Top of Data for review

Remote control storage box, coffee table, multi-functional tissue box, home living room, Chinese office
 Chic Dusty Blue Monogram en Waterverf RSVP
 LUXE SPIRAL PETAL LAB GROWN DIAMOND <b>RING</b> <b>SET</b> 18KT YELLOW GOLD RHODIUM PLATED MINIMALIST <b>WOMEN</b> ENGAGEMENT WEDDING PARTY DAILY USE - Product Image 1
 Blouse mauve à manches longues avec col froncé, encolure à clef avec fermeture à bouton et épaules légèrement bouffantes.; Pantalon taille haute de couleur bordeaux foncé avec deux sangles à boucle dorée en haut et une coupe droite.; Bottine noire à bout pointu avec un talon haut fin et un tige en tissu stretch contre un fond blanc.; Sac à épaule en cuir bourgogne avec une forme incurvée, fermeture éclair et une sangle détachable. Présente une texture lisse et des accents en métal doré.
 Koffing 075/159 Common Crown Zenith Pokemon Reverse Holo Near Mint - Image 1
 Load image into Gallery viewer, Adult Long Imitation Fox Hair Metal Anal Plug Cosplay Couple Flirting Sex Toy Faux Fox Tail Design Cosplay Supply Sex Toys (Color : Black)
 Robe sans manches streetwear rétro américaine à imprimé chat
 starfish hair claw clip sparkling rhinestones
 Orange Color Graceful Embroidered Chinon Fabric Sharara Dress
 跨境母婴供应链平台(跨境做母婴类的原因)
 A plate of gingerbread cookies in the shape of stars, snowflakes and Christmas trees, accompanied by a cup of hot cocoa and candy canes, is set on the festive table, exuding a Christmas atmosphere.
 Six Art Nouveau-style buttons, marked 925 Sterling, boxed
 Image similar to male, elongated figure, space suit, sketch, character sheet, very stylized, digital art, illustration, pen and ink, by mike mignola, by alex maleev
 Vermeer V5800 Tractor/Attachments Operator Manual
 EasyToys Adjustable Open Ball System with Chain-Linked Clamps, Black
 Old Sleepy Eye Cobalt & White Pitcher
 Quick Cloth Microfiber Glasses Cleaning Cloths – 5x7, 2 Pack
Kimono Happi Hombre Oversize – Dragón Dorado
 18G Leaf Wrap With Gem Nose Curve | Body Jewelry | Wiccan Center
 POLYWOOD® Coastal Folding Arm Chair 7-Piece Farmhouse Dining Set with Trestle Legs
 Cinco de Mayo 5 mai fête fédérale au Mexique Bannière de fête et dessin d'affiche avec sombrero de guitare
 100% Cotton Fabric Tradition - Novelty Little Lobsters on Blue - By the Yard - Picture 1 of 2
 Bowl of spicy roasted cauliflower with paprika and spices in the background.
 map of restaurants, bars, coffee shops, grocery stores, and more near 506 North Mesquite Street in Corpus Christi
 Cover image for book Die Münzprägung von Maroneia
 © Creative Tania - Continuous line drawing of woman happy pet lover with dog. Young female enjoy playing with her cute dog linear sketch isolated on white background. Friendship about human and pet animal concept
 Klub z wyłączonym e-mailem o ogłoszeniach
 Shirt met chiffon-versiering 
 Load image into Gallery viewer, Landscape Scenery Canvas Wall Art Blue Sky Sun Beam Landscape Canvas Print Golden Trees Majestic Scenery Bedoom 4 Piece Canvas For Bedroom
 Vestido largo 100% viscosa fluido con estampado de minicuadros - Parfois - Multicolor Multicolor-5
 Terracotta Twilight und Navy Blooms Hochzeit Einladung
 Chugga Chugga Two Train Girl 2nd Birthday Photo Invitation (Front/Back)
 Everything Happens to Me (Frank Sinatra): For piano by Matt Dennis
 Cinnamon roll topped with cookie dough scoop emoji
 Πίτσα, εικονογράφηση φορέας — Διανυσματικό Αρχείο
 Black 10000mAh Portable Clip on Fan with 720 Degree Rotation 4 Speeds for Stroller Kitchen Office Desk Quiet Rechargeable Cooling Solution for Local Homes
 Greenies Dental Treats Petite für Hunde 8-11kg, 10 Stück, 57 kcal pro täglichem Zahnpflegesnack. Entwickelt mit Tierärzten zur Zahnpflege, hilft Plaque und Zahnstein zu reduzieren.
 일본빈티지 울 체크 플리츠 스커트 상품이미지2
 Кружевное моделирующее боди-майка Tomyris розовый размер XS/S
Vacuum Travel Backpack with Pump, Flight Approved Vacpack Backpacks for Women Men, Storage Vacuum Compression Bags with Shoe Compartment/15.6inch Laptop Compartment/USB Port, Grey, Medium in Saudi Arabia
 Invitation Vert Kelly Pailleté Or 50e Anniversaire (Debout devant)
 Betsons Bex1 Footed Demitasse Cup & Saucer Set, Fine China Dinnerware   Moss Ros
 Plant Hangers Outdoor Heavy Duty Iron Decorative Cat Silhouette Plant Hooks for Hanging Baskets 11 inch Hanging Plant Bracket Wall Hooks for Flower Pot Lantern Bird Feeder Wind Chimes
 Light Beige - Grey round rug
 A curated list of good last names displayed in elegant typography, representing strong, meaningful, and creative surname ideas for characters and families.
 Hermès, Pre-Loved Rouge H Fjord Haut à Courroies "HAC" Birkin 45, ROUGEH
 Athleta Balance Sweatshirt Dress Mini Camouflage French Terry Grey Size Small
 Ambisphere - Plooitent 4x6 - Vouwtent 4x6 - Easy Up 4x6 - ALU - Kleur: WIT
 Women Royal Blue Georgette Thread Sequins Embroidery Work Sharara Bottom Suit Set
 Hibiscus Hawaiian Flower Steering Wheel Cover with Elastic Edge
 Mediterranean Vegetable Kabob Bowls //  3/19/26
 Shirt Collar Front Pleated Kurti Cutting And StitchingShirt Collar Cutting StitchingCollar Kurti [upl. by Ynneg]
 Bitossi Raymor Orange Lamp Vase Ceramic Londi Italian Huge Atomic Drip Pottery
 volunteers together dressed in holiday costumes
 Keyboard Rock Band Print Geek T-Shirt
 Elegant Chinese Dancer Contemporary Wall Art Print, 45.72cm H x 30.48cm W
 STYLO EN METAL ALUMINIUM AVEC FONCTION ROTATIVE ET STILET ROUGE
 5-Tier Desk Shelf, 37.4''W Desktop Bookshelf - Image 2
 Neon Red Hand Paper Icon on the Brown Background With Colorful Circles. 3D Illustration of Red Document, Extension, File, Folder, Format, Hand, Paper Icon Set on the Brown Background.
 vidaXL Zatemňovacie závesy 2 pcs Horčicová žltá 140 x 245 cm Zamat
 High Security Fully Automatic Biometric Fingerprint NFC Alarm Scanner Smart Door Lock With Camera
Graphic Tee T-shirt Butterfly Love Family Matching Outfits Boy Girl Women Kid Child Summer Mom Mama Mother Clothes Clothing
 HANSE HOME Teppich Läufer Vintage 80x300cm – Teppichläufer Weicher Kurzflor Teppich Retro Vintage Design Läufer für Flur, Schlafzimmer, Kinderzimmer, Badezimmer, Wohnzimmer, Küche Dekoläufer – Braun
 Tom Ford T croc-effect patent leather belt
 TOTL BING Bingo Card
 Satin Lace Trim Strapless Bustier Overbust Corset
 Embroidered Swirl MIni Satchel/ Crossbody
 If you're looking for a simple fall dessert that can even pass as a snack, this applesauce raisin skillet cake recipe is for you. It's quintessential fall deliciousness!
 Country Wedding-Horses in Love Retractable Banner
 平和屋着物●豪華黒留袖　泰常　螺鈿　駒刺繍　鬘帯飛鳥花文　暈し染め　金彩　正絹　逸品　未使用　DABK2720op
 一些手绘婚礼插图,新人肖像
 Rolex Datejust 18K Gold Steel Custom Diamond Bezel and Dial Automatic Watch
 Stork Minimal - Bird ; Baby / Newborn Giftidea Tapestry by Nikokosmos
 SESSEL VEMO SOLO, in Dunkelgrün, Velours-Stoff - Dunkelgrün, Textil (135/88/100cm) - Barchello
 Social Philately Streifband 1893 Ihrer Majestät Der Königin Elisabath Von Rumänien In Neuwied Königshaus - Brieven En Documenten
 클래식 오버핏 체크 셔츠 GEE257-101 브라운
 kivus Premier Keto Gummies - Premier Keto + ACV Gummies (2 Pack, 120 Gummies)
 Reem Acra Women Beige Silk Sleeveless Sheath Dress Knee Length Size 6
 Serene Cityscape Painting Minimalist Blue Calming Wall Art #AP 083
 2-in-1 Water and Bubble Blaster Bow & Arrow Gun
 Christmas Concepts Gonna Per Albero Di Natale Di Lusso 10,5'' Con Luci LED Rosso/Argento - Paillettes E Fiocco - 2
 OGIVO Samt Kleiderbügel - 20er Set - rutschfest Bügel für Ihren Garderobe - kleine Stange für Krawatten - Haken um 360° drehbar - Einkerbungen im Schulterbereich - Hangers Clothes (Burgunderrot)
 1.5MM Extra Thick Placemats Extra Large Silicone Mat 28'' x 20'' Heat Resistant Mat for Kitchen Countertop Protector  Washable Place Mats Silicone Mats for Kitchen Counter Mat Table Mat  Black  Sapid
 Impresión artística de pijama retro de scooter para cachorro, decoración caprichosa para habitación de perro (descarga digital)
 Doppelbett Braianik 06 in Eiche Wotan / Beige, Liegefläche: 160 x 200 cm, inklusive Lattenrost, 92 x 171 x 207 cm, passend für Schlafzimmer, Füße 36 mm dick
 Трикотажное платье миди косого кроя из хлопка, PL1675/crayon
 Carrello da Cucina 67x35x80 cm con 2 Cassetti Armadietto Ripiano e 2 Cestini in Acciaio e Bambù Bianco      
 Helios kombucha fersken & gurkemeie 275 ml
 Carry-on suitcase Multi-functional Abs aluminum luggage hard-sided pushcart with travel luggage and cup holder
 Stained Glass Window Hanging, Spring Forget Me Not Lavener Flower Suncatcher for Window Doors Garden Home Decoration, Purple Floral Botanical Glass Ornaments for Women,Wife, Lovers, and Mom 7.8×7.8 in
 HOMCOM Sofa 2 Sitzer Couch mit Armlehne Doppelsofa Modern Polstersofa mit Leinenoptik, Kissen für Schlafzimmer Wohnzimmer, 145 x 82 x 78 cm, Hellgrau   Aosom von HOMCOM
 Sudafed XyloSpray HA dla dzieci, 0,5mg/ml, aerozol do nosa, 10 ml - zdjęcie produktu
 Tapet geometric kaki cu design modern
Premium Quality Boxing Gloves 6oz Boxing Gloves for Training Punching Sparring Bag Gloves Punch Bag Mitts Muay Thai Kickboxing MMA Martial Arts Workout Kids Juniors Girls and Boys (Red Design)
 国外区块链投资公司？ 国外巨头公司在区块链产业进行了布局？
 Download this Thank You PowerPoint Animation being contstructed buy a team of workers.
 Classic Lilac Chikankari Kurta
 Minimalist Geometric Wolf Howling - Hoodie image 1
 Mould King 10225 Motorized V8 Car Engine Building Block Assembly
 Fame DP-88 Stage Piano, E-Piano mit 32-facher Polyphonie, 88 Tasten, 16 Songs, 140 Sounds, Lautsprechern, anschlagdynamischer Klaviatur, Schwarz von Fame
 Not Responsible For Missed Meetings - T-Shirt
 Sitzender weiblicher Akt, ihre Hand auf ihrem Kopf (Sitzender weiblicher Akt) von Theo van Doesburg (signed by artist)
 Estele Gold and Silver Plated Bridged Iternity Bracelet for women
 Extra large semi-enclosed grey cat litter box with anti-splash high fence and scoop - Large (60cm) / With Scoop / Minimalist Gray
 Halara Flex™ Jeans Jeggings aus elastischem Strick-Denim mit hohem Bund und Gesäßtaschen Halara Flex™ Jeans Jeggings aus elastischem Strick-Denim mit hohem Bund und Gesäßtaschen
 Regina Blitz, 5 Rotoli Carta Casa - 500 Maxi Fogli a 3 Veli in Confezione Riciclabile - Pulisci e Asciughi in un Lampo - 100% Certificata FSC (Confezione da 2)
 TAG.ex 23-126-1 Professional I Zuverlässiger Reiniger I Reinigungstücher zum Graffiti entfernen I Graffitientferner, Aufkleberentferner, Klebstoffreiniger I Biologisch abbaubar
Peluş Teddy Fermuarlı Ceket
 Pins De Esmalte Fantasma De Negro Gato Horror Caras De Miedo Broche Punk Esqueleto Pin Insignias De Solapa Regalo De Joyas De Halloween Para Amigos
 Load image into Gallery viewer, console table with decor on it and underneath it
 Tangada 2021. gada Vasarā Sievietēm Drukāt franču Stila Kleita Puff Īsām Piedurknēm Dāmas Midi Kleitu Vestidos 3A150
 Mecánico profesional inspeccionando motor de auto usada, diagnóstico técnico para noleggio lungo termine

Bottom of Data for review

** Task to carry out **
From the entries above, extract only the lines running from the one containing "A curated list" through the one containing "Embroidered Swirl MIni Satchel/ Crossbody", inclusive.

** Exercise response **
 A curated list of good last names displayed in elegant typography, representing strong, meaningful, and creative surname ideas for characters and families.
 Hermès, Pre-Loved Rouge H Fjord Haut à Courroies "HAC" Birkin 45, ROUGEH
 Athleta Balance Sweatshirt Dress Mini Camouflage French Terry Grey Size Small
 Ambisphere - Plooitent 4x6 - Vouwtent 4x6 - Easy Up 4x6 - ALU - Kleur: WIT
 Women Royal Blue Georgette Thread Sequins Embroidery Work Sharara Bottom Suit Set
 Hibiscus Hawaiian Flower Steering Wheel Cover with Elastic Edge
 Mediterranean Vegetable Kabob Bowls //  3/19/26
 Shirt Collar Front Pleated Kurti Cutting And StitchingShirt Collar Cutting StitchingCollar Kurti [upl. by Ynneg]
 Bitossi Raymor Orange Lamp Vase Ceramic Londi Italian Huge Atomic Drip Pottery
 volunteers together dressed in holiday costumes
 Keyboard Rock Band Print Geek T-Shirt
 Elegant Chinese Dancer Contemporary Wall Art Print, 45.72cm H x 30.48cm W
 STYLO EN METAL ALUMINIUM AVEC FONCTION ROTATIVE ET STILET ROUGE
 5-Tier Desk Shelf, 37.4''W Desktop Bookshelf - Image 2
 Neon Red Hand Paper Icon on the Brown Background With Colorful Circles. 3D Illustration of Red Document, Extension, File, Folder, Format, Hand, Paper Icon Set on the Brown Background.
 vidaXL Zatemňovacie závesy 2 pcs Horčicová žltá 140 x 245 cm Zamat
 High Security Fully Automatic Biometric Fingerprint NFC Alarm Scanner Smart Door Lock With Camera
Graphic Tee T-shirt Butterfly Love Family Matching Outfits Boy Girl Women Kid Child Summer Mom Mama Mother Clothes Clothing
 HANSE HOME Teppich Läufer Vintage 80x300cm – Teppichläufer Weicher Kurzflor Teppich Retro Vintage Design Läufer für Flur, Schlafzimmer, Kinderzimmer, Badezimmer, Wohnzimmer, Küche Dekoläufer – Braun
 Tom Ford T croc-effect patent leather belt
 TOTL BING Bingo Card
 Satin Lace Trim Strapless Bustier Overbust Corset
 Embroidered Swirl MIni Satchel/ Crossbody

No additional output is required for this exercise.